I have to start thinking of my next vacation. I know that the practical side of my brains is telling me this is a good workout and that I need to lose that weight. The realistic side of my brain knows that this is all about stress reduction. Too much stress in the modern industrial age. I need to get away more. Go hiking, maybe in the Superstitions, or down in Mexico. But that will take planning; swimming is much easier and is on my way to work. Besides I know this is better for me than drinking down Vodka to try and get relaxed or munching on Cheetos while I watch Starsky and Hutch on ....wall, flip, push, twist, surface.

Yea, food. What am I going to eat when I get to work? After these laps I deserve some sort of reward. What lap was that? Shit. Always forgetting. I think that was 4, no 3. Great, now I am going to wonder if I swam too many laps or not enough. Damn it.

Breakfast Burrito, yeah, that would be so good, with eggs and sausage in it, and the good coffee from Circle K. I am gliding through the water now, my heart rate in sync with my breathing. My pace quickens slightly since I have warmed up. With each turn, my mind wanders to a long since forgotten corner of the ocean. Old relationships and why they went wrong, the things I want to buy, but really don't need. My societal trained urges to want things that have no real purpose. My struggle to become more creative. Each thought eventually interrupted by a turn and a push off the wall.

Eventually, I notice other swimmers in the lane next to mine, gliding past me in the opposite direction. They are visible only for a moment. What are they thinking? Have they lost count? What are they escaping from?

Finally, I 'think' the last lap is upon me. Here, there are no reserves. I open it up and thrash through the water like a crazed shark. No doubt, terrifying anyone that might stray into my lane. My lungs straining, I reach the far wall and stop. Gasping for air, my feet touch the bottom of the pool for the first time in 15 minutes and I remove my goggles. I am spent, tired, relaxed. Only two things left to do.

While still breathing hard, I lie on my back and do a lazy paddle with my feet to the opposite end of the pool where this all started. As I let my breathing slow down, I stare at the ceiling as it passes over me. I have to count the number of beams or risk the chance of slamming my head into the far end of the pool. This is the cool down lap. The lap where I get to gloat about my conquest of the morning.

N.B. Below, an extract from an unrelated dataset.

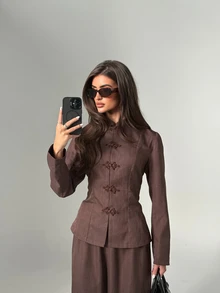 Aloruh Women's Autumn/Winter New Chinese Style Frog Button Decor Waist-Cinching Blazer + Wide Leg Long Pants - Brown - View 5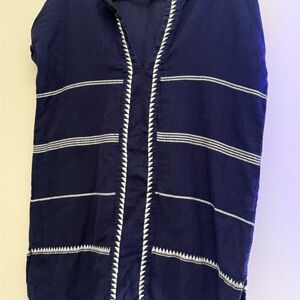 Lemlem by Liya Kebede Navy Cotton Tunic Fringe Hem Embroidered Boho Top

As I reach the end of the pool, I climb from the water, put my apparatus away and head for the steam room. The ultimate goal. Solitary, warm, relaxing, a place to hide with my thoughts before the invasion of the day.

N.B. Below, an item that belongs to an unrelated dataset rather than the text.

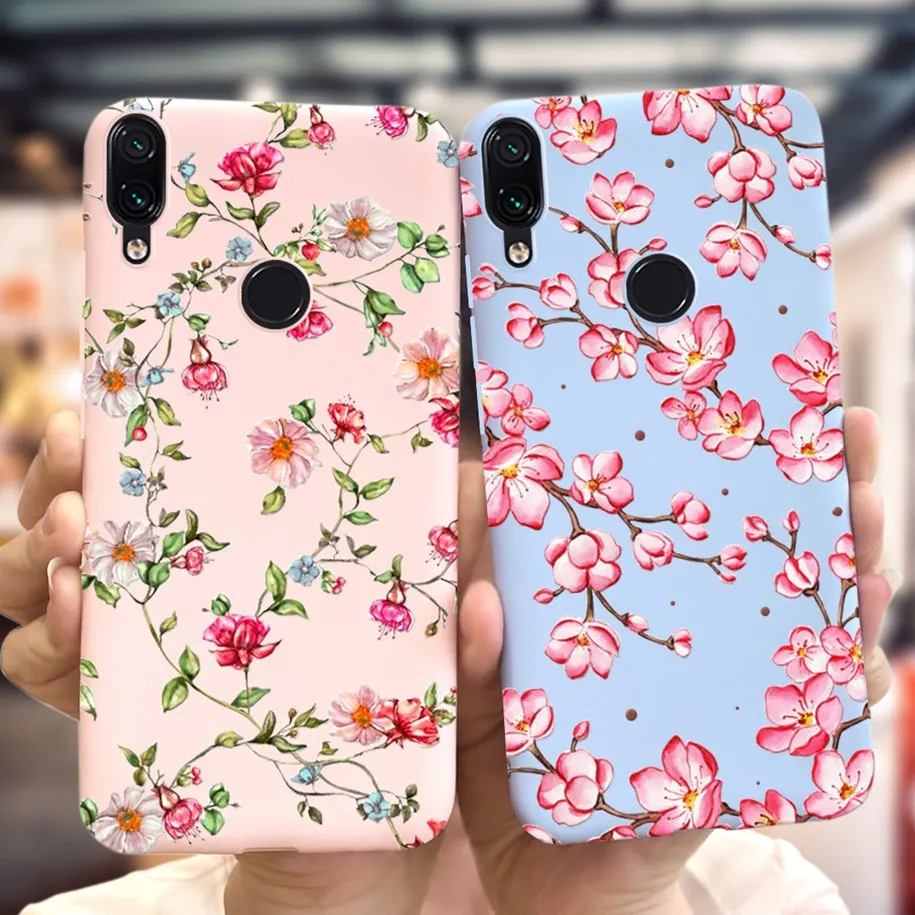 For Funda Xiaomi Redmi Note 7 Case Redmi 7 Soft Cover Silicone Case For Xiaomi Redmi Note 7 Note7 Pro Phone Fundas Flower Bumper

Wrapping my towel around my head, I swing open the glass door to the hissing sound or escaping steam. It is tiled, with tiers to sit on and a glass wall that looks out onto the pool. The wet heat envelopes me, immediately nullifying the coolness of the water on my skin that is left over from the pool. The hiss of the steam coming from a pipe in the corner is almost deafening. Yet, it serves a purpose. Like so much white noise, it cancels out any sound from the outside world. Like the air escaping a punctured tire, the pressure and the stress are released with it. I sit in the far corner of the room, towel over my head to prevent the super heated air from burning my nostrils and my lips as I slowly breathe in and out.

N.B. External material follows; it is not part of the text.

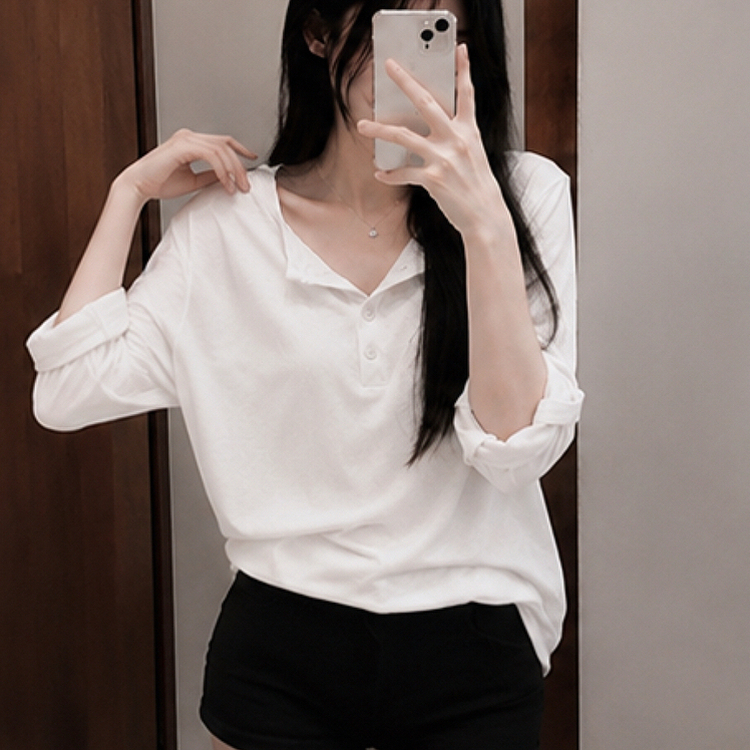 ロールアップヘンリーネックルーズ長袖Tシャツ(10color) IVORY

Between the sound of the steam, the hard tile floors, the glass windows and the echoing of the voices in the pool beyond, all the sounds that reach my ears here are garbled. Indistinguishable. There are people in the pool now, there is talk and splashing. But the sounds they make are distorted by the echoes off the water and the hard walls, so that they sound distant, transformed, and unearthly. I stretch me legs in the heat, I crack my neck. For all the things that I am told to want and desire in life, I always end up realizing that this is one of the most important and most attainable.

The door to the steam room opens and someone else walks in. Between the steam and the towel over my head I cannot see who, nor do I care. The outside world has started to come in. The real struggle begins. Time to start a brand new day. I just have to remember to pace myself and breathe.